Media release

Rhode Island Foundation raises $3.1 million to increase the number of teachers of color in Providence public schools

Providence Public Schools, RIDE will use the funding to hire more than 125 teachers of color over the next five years

The Rhode Island Foundation has raised $3.1 million to increase the number of teachers of color in Providence public schools. Students of color represent 80 percent of enrollment in the district while just 20 percent of teachers are members of minority groups.

“The benefits of a diverse faculty are well documented. Students can be inspired in new ways when their classrooms include role models who look like them."

- Neil D. Steinberg, Foundation president and CEO

He continued, “Research confirms that when taught by a teacher of color, students of color experience higher reading and math test scores, higher graduation rates, decreased dropout and discipline rates and increased enrollment in advanced courses.”

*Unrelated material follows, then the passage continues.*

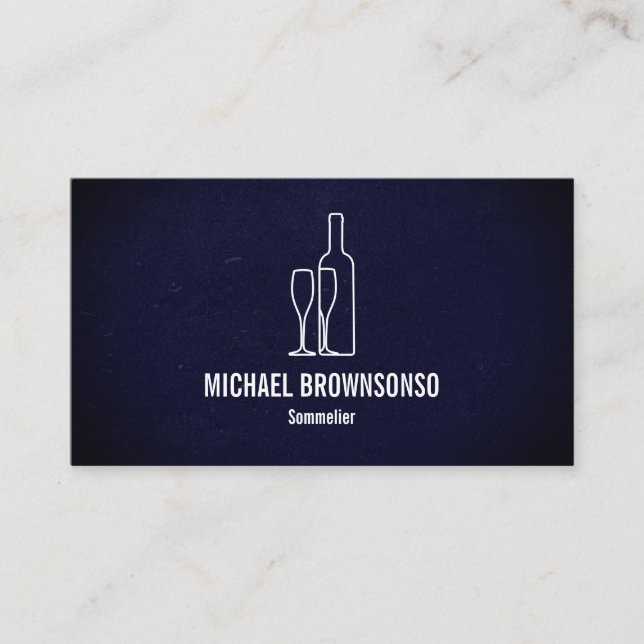 Tarjeta De Visita Botella de vino azul sommelier (Anverso)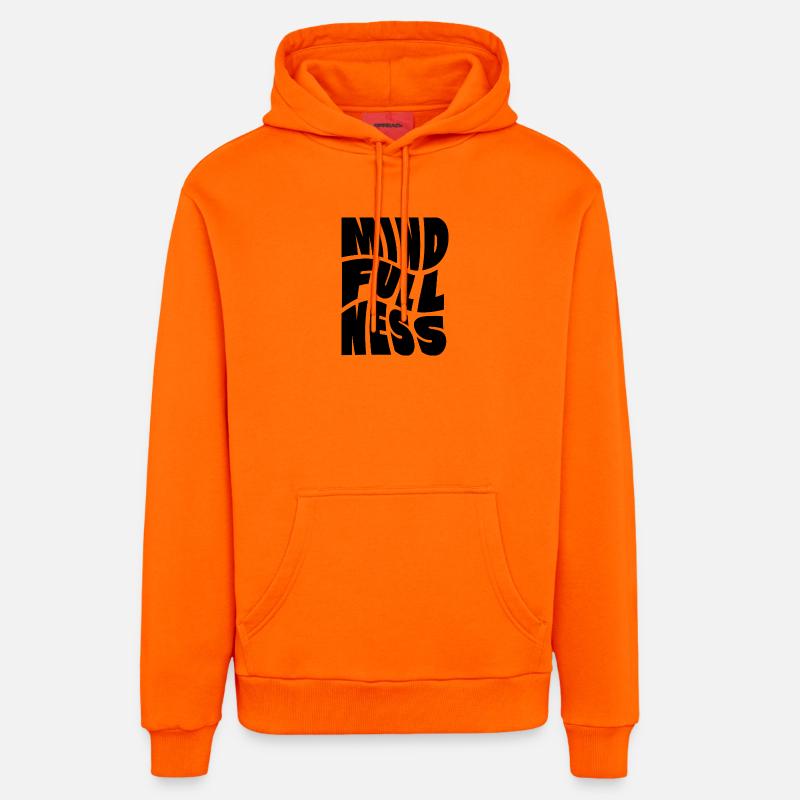 Conception de logo Mindfullness - Sweat à capuche bio décontracté fabriqué en UE - SUNSET ORANGE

The funding will be used to offer candidates a college loan-repayment incentive totaling up to $25,000 over the first three years of employment. The incentive will be in addition to the standard compensation package that the Providence Public School District (PPSD) offers all teachers.

The district hopes to hire more than 125 minority teachers over the next five years through the program. PPSD hires approximately 175 new teachers a year, generally to fill vacancies due to retirements or movement to other districts.

“Closing the diversity gap is one of the most impactful ways we can support student achievement and make our schools more equitable. I want to thank the Rhode Island Foundation for recognizing the importance of this work and helping us hire talented educators of color here at PPSD.”

- Harrison Peters, Providence superintendent of schools

Full-time teachers who identify as Black, Asian, Indigenous, Latino or multi-racial are eligible for the loan repayment program. They must be new hires to Providence public schools—current teachers are not eligible.

This initiative builds off of the work of the R.I. Department of Education (RIDE) has done to convene and retain educators of color statewide in Rhode Island.

“Building a more diverse educator workforce is essential because data shows there is immense power in a student learning from someone who looks like them and is familiar with their experiences."

- Commissioner Angélica Infante-Green

She continued, "This investment will allow more students of color to see greater possibilities for themselves in the classroom and beyond. We’re deeply appreciative of the Rhode Island’s Foundation’s partnership and the generosity of donors in helping to attract more educators of color to serve Providence’s diverse student population.”

The goal is to recruit approximately 25 new teachers of color a year for five years beginning in the 2021-22 academic year. Participants are eligible to have up to $6,000 of their college loan debt paid off after completing year one of teaching, up to an additional $8,500 after completing year two and up to another $10,500 after completing year three.

“We’re grateful to the passionate donors who joined with us to enable PPSD and RIDE to embrace this opportunity to continue improving the educational success of the city’s students,” said Steinberg.

The donors are Judith and William Braden, Nancy and Charlie Dunn, Ruth and Jonathan Fain, Bhikhaji Maneckji, the Papitto Opportunity Connection, the Partnership for Rhode Island, The Stonehouse Mountain Family Fund and Jyothi and Shivan Subramaniam.

The initiative is just the latest in a string of programs the Foundation has funded in partnership with the district to increase the number of educators of color.

PPSD is using a multi-year $220,000 grant from the Foundation to hire a Diversity and Pipeline Design Specialist to coordinate all efforts related to the recruitment of teachers of color, including collaborating with existing teacher certification programs and developing supports for retention.

In addition, The Equity Institute received a $125,000 grant to help a diverse group of non-certified teaching assistants to become state certified teachers in partnership with College Unbound.

“Achievement gaps are real. Taking on the challenge in new ways will enable Providence to diversify its teaching force, which ultimately will improve student outcomes in the short and long term,” said Steinberg.

The Rhode Island Foundation is the largest and most comprehensive funder of nonprofit organizations in Rhode Island. Working with generous and visionary donors, the Foundation raised $68 million and awarded a record $87 million in grants in 2020. Since its centennial five years ago, the Foundation has awarded more than $284 million in grants and has raised more than $328 million. Through leadership, fundraising and grant-making activities, often in partnership with individuals and organizations, the Foundation is helping Rhode Island reach its true potential.